El Congreso del estado de Veracruz aprobó una reforma al Código Penal y a la Ley de Acceso de las Mujeres a una Vida Libre de Violencia para incorporar el “acecho” como un delito específico, con el objetivo de brindar protección a las mujeres frente a este tipo de acoso.
Con esta medida, Veracruz se une a otras nueve entidades del país que ya cuentan con legislación similar, conocida popularmente como “Ley Valeria”, nombre que rinde homenaje a Valeria Macías, quien en 2017 fue víctima de acecho.
Hasta ahora, esta conducta carecía de un marco legal que la sancionara en la entidad. Con la reforma, quien la cometa podrá recibir una pena de 6 meses a 2 años de cárcel, además de una multa que va de 200 a 500 unidades de medida y actualización.
La diputada local de Movimiento Ciudadano, María Elena Córdoba, defendió la iniciativa explicando que “necesitamos herramientas jurídicas que permitan actuar antes de que una tragedia ocurra, no después, las mujeres no tendríamos que cambiar nuestras rutas, ni nuestros horarios, ni nuestra forma de vestir como tampoco nuestra forma debería ser vivir con miedo”.
Aunque es un vance en leyes, consideran que es deficiente, por lo que no todas las reacciones fueron positivas; distintas organizaciones feministas veracruzanas cuestionaron la reforma, argumentando que fue aprobada sin una verdadera perspectiva de género, ya que exige a las mujeres demostrar que sufrieron un daño concreto a su libertad o seguridad para poder acreditar el delito.

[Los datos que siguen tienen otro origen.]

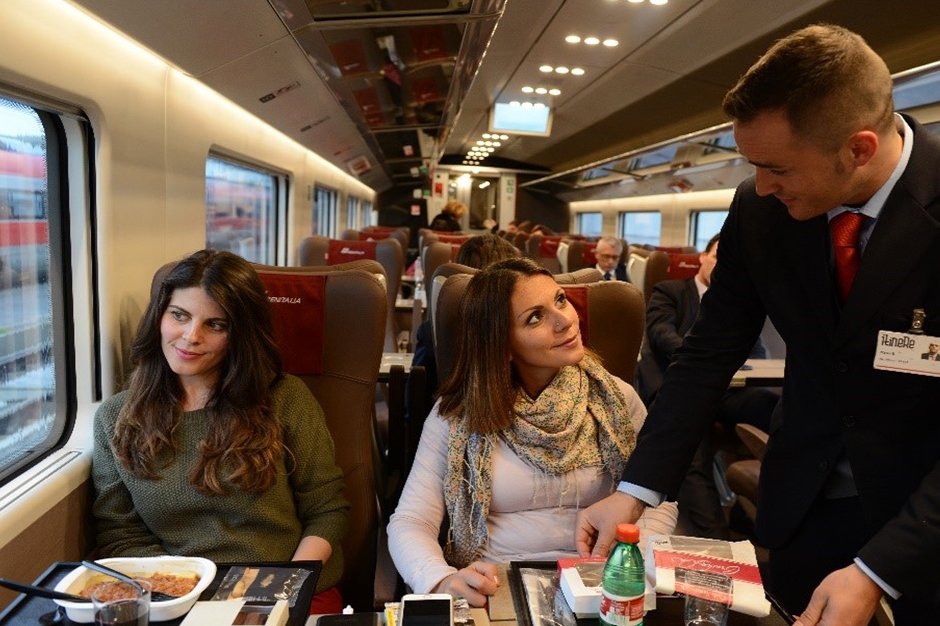 Customers eating their meals on the train.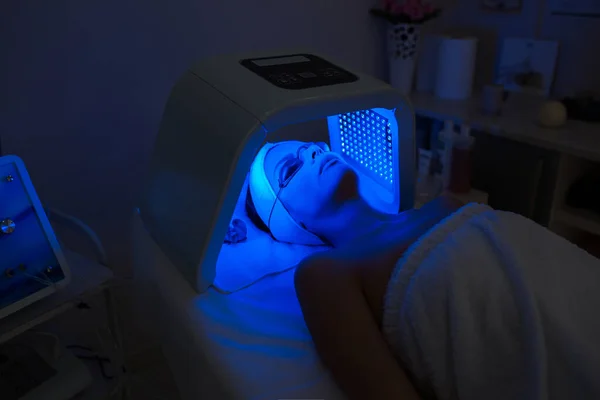 Kadın güzellik salonunda morötesi LED ışık tedavisi görüyor.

Mónica Mendoza, integrante de la Red Nacional de Mujeres Defensoras de Paridad en Todo, cuestionó los criterios que se usarán para aplicar la ley: “Solo en los casos donde se ponga en riesgo la seguridad y la libertad de la persona podrá considerarse que es víctima de acecho y eso con qué criterio lo van a determinar, el acecho es estar vigilante de la persona que se convierte en víctima y con la que no necesariamente se establece un contacto directo”.
Ante estas observaciones, distintos colectivos feministas ya trabajan junto con legisladoras veracruzanas para reforzar la reforma aprobada. El propósito es evitar que la ley termine revictimizando a las mujeres que denuncien haber sufrido acecho.